Step 3. Make the necessary changes
If the drying speed of the boards is not correct, you will need to redesign your stack.
- If longitudinal cracks occur, you can do the following: widen or double your stacks, reduce the distance between the boards, use thinner slats or cover them with a cloth to protect from the sun's rays.
- In the event of warpage, you can do the following: place the battens directly on top of each other, use the same battens, ensure that the boards of each layer are the same thickness, or install a roof over the stack.
- If stains and rotten spots appear, try the following: Decrease the width of the stack, increase the distance between the stacks, increase the distance between layers of planks, or remove obstructions that block air flow.

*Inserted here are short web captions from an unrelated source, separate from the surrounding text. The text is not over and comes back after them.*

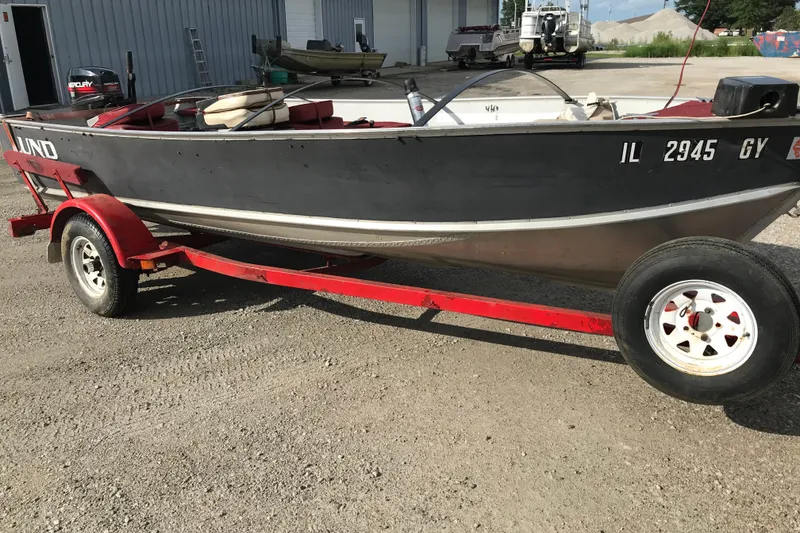 Slide: The Image of 1989 Lund 16 Pike SS boat on red trailer, parked outdoors. - 18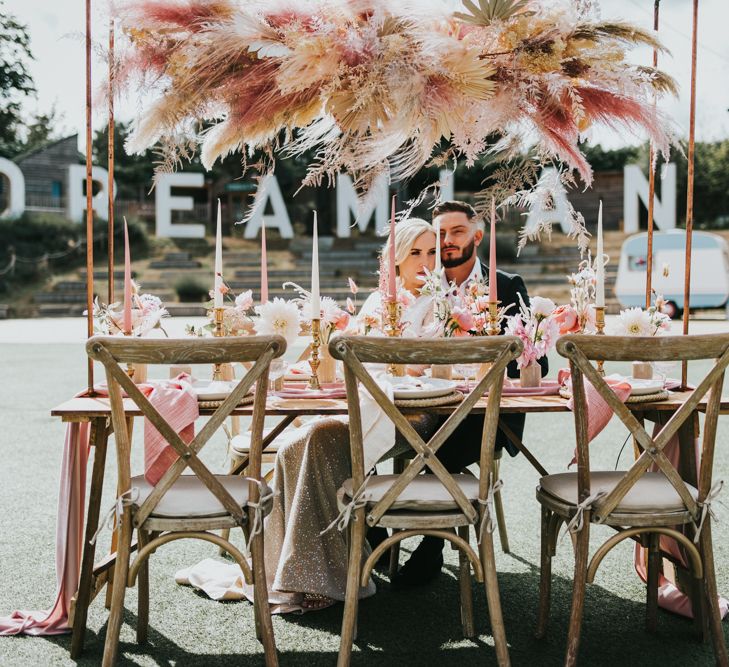 Bride and groom sitting at their outdoor reception at Dreamland Margate with pink coloured and natural pampas grass installation, and pink and gold wedding table decor 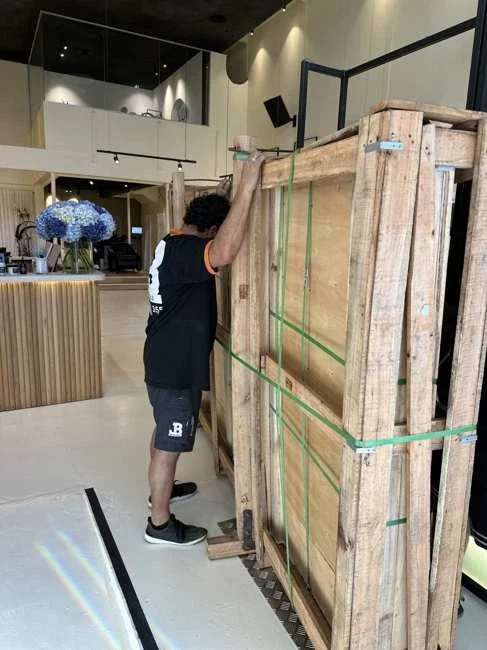 Team member beside the tall strapped timber crate inside the salon
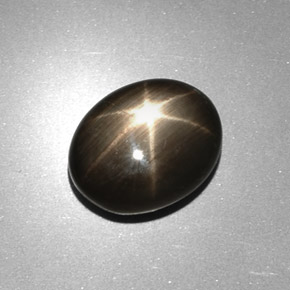 Safira estrela preto natural 6,17ct, corte oval, opaco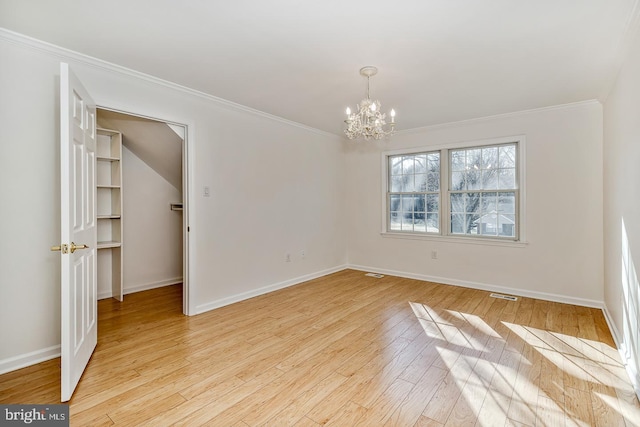 spare room featuring ornamental molding, light hardwood / wood-style floors, and a chandelier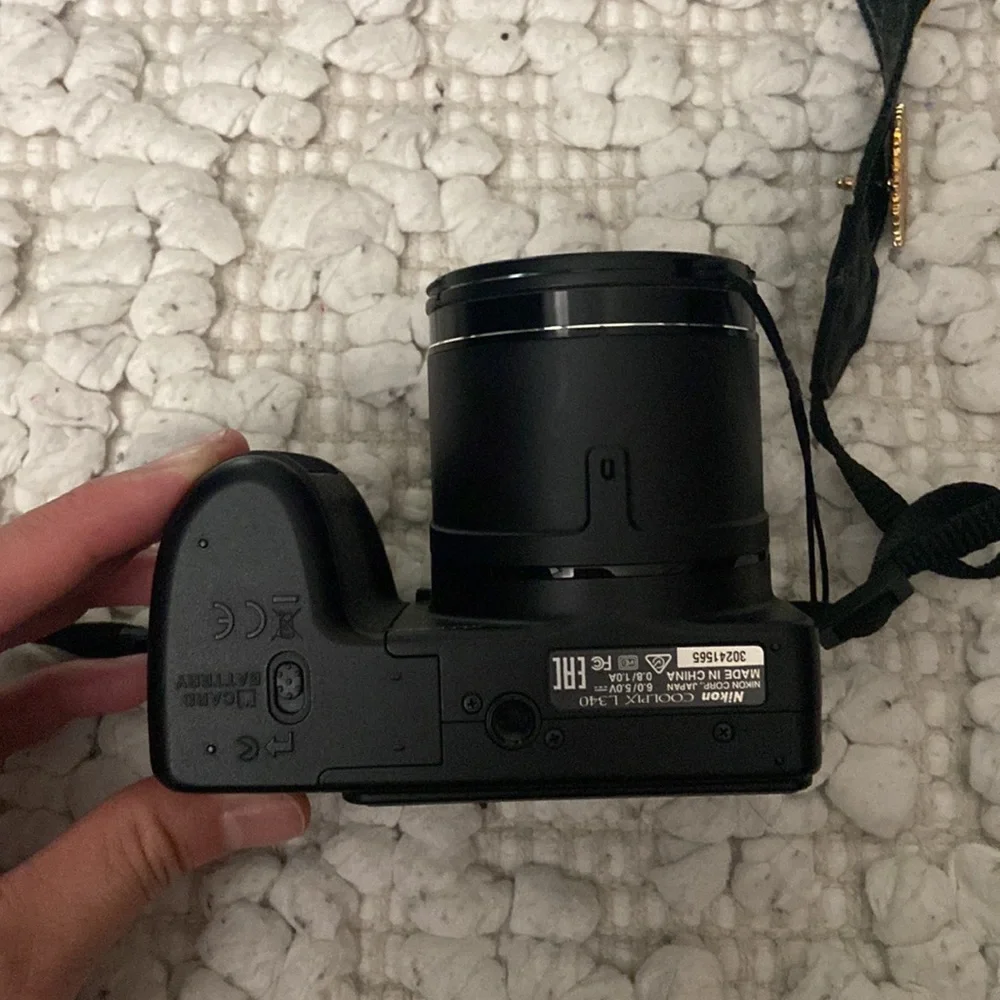 Black Nikon coolpix digital camera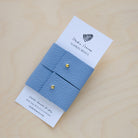 Pair of soft Periwinkle blue leather napkin rings with a gold stud on a white card packaging.
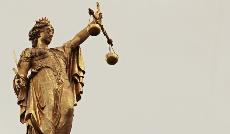 Estatua de la Justicia, con los ojos tapados agarrando una espada y una balanza.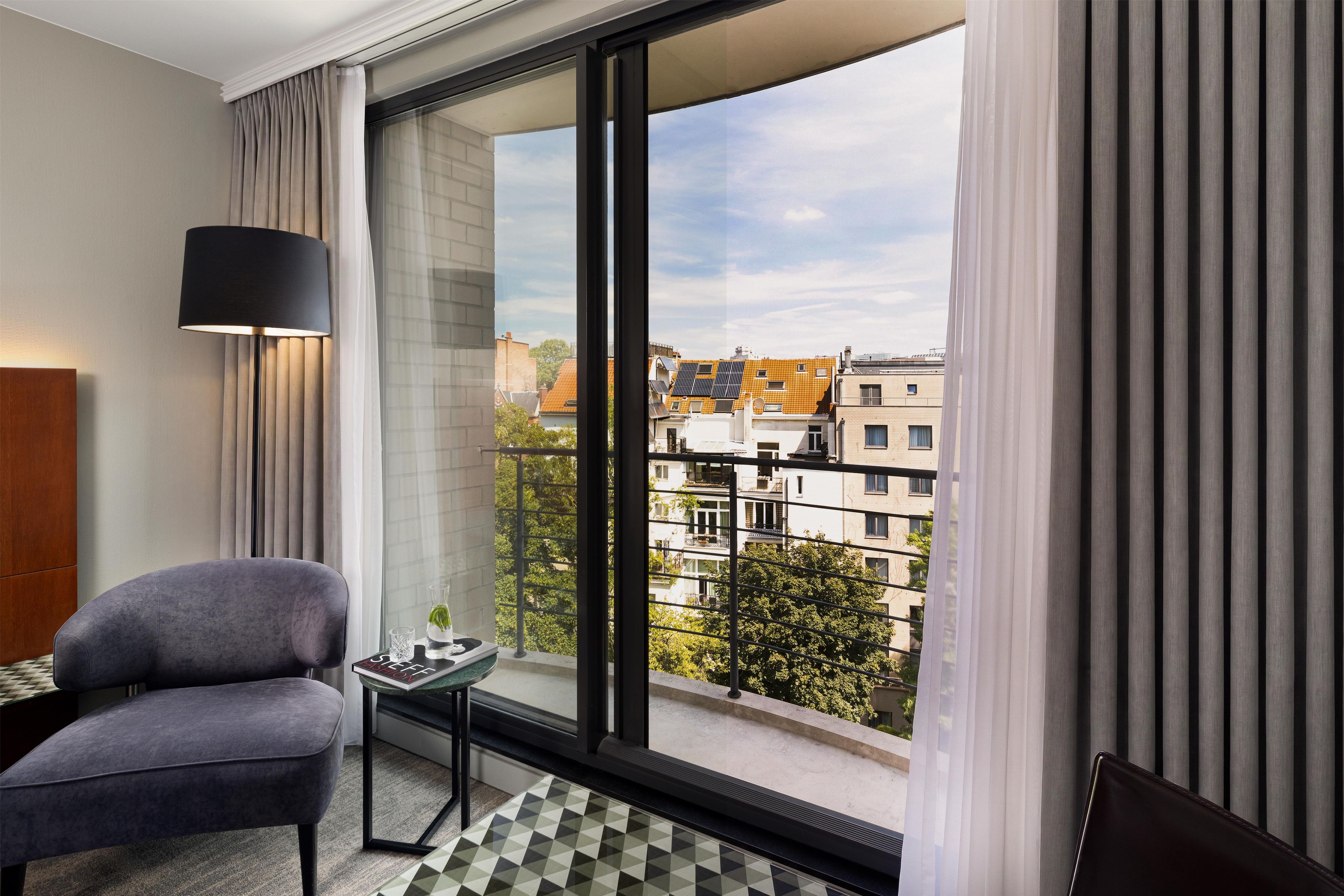 A modern hotel room with a large window, a grey armchair, a small table, and a floor lamp.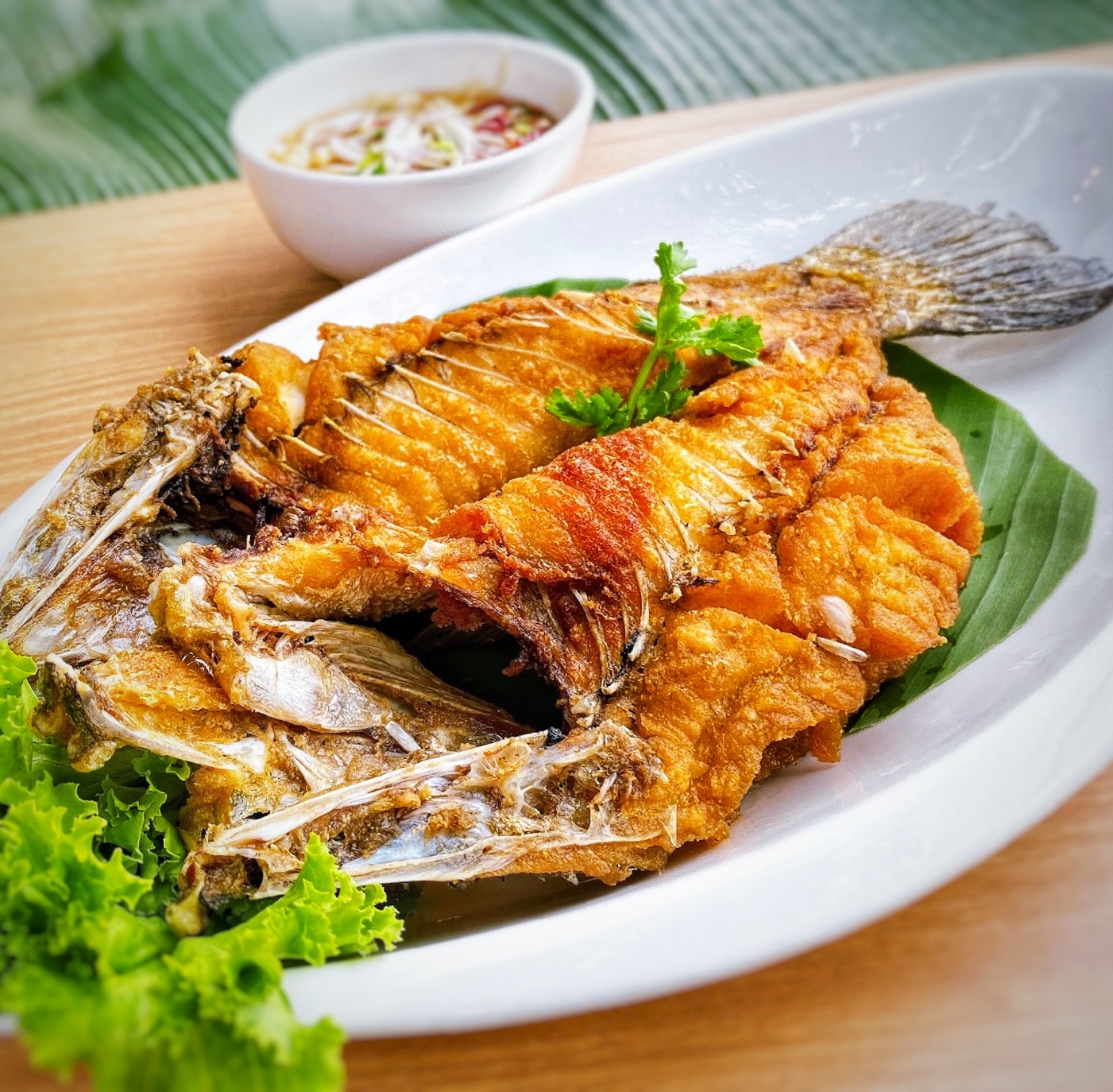 ปลากระพงทอดน้ำปลา ( Deep Fried Sea Bass Seved with Special Fish Sauce )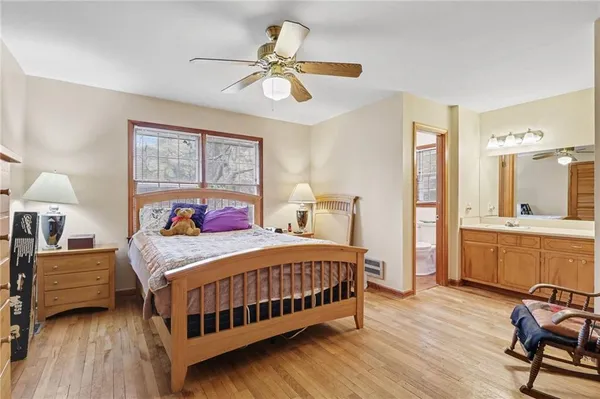 a bedroom with a bed and a table in it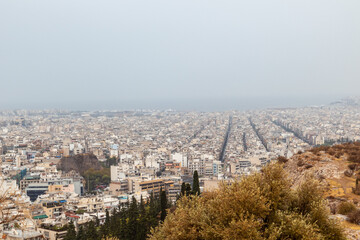 Athens city center streets with white buildings architecture on foggy day. Rooftop view from Filopappou Hill near Acropolis, Greece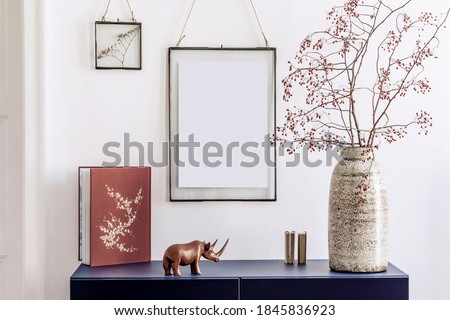 Stylish living room interior with mock up poster frames, navy blue commode, book, decoration and elegant personal accessories in modern home decor.  White wall. Template.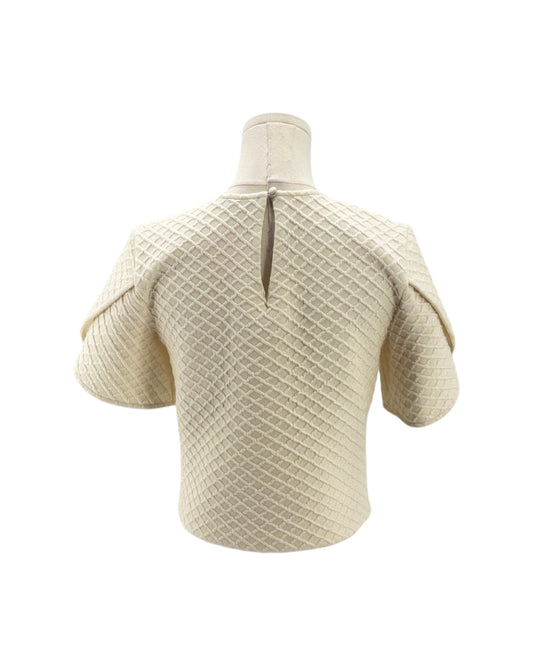 Beige knitted short-sleeve sweater on a mannequin against a white background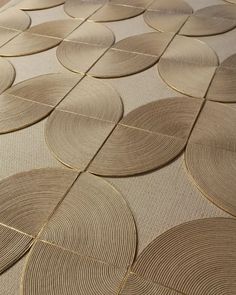 a close up view of a floor with gold circles on the ground and beige carpet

Part 4 of 4: Other Ways to Dry Wood
Step 1. Drying in a shed with fans
You can stack the planks in the barn to completely protect them from the weather. On the one hand, the shed should be open to wind access, and on the other, a row of fans should be installed. The latter will push air through the stack of boards and shorten the drying time.
Step 2. Forced air drying
If you can, you can build a ventilated dryer. Find or build an enclosed area with fans that can supply and recirculate hot air. Stack up stacks of planks indoors for forced air drying or pre-drying of wood.
Step 3. Drying oven
For a certain amount, freshly cut or sawn wood can be dried in a sawmill. The cost usually depends on how quickly the job is done. Most sawmills use computer-controlled industrial kilns. The software allows you to determine the ideal temperature conditions for each type of wood, the degree of moisture and the volume of wood material.